Hello, @eric-k I think there is a similar problem in tosa.conv2d during the tosa-to-linalg pass.
The MLIR code
func @conv(%arg0: tensor<2x4x4x3xf32>, %arg1: tensor<16x3x6x3xf32>, %arg2: tensor<16xf32>) -> tensor<2x6x9x16xf32> {
%0 = "tosa.conv2d"(%arg0, %arg1, %arg2) {dilation = [1, 1], pad = [2, 2, 5, 5], stride = [1, 1]} : (tensor<2x4x4x3xf32>, tensor<16x3x6x3xf32>, tensor<16xf32>) -> tensor<2x6x9x16xf32>
return %0 : tensor<2x6x9x16xf32>
}
is transformed into
#map0 = affine_map<(d0, d1, d2, d3) -> (d3, d0, d1, d2)>
#map1 = affine_map<(d0, d1, d2, d3) -> (d0, d1, d2, d3)>
#map2 = affine_map<(d0, d1, d2, d3) -> (d3)>
module {
func @conv(%arg0: tensor<2x4x4x3xf32>, %arg1: tensor<16x3x6x3xf32>, %arg2: tensor<16xf32>) -> tensor<2x6x9x16xf32> {
%cst = arith.constant 0.000000e+00 : f32
%0 = linalg.pad_tensor %arg0 low[0, 2, 5, 0] high[0, 2, 5, 0] {
^bb0(%arg3: index, %arg4: index, %arg5: index, %arg6: index): // no predecessors
linalg.yield %cst : f32
} : tensor<2x4x4x3xf32> to tensor<2x8x14x3xf32>
%cst_0 = arith.constant dense<[1, 2, 3, 0]> : tensor<4xi64>
%1 = linalg.init_tensor [3, 6, 3, 16] : tensor<3x6x3x16xf32>
%2 = linalg.generic {indexing_maps = [#map0, #map1], iterator_types = ["parallel", "parallel", "parallel", "parallel"]} ins(%arg1 : tensor<16x3x6x3xf32>) outs(%1 : tensor<3x6x3x16xf32>) {
^bb0(%arg3: f32, %arg4: f32): // no predecessors
linalg.yield %arg3 : f32
} -> tensor<3x6x3x16xf32>
%3 = linalg.init_tensor [2, 6, 9, 16] : tensor<2x6x9x16xf32>
%cst_1 = arith.constant 0.000000e+00 : f32
%4 = linalg.fill(%cst_1, %3) : f32, tensor<2x6x9x16xf32> -> tensor<2x6x9x16xf32>
%5 = linalg.init_tensor [2, 6, 9, 16] : tensor<2x6x9x16xf32>
%6 = linalg.conv_2d_nhwc_hwcf {dilations = dense<1> : tensor<2xi64>, strides = dense<1> : tensor<2xi64>} ins(%0, %2 : tensor<2x8x14x3xf32>, tensor<3x6x3x16xf32>) outs(%4 : tensor<2x6x9x16xf32>) -> tensor<2x6x9x16xf32>
%7 = linalg.generic {indexing_maps = [#map2, #map1, #map1], iterator_types = ["parallel", "parallel", "parallel", "parallel"]} ins(%arg2, %6 : tensor<16xf32>, tensor<2x6x9x16xf32>) outs(%5 : tensor<2x6x9x16xf32>) {
^bb0(%arg3: f32, %arg4: f32, %arg5: f32): // no predecessors
%8 = arith.addf %arg3, %arg4 : f32
linalg.yield %8 : f32
} -> tensor<2x6x9x16xf32>
return %7 : tensor<2x6x9x16xf32>
}
}
after going through the tosa-to-linalg pass, the padded element becomes +0.0 (%cst).

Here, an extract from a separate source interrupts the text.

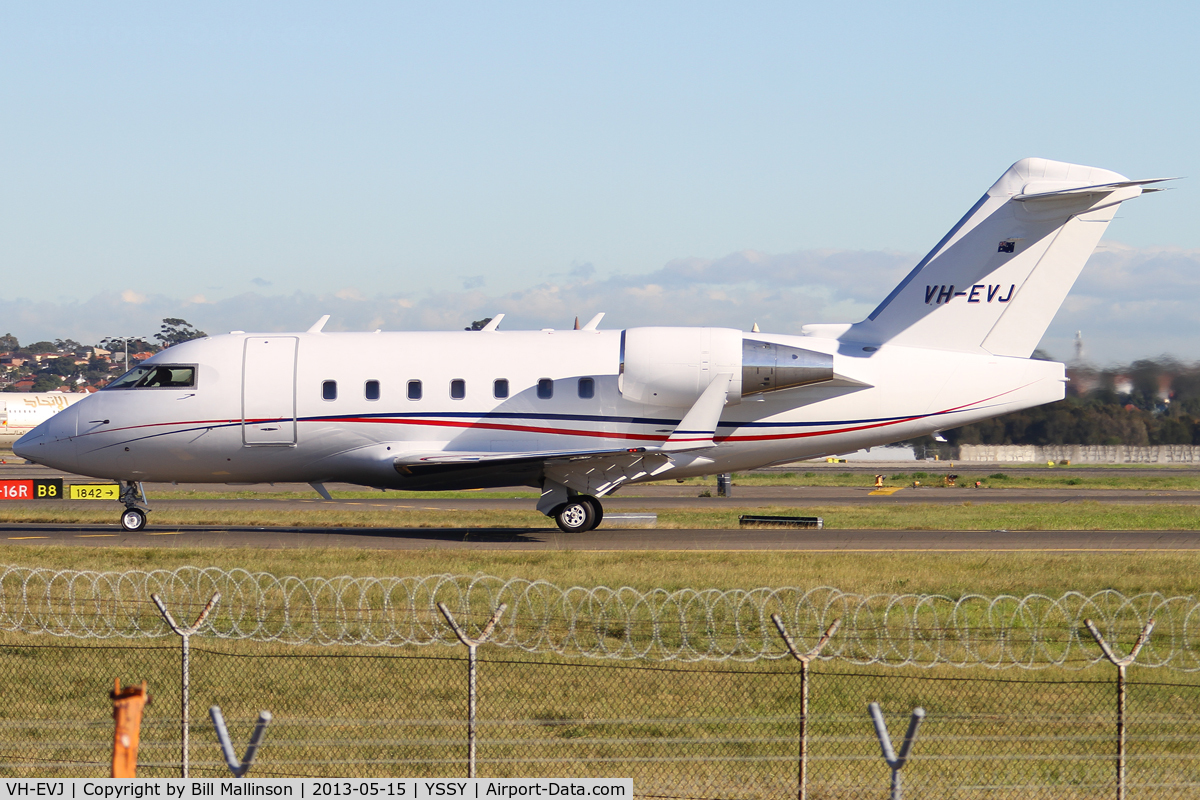 VH-EVJ, 1998 Bombardier Challenger 604 (CL-600-2B16) C/N 5370, TAXI TO 34R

According to the tosa specification v0.23.0, the padded element for operation tosa.conv2d should not be added to the output elements. I think this tosa-to-linalg transformation is incorrect since ‘x+0.0’ is not ‘x’. The output tensor could have different element values.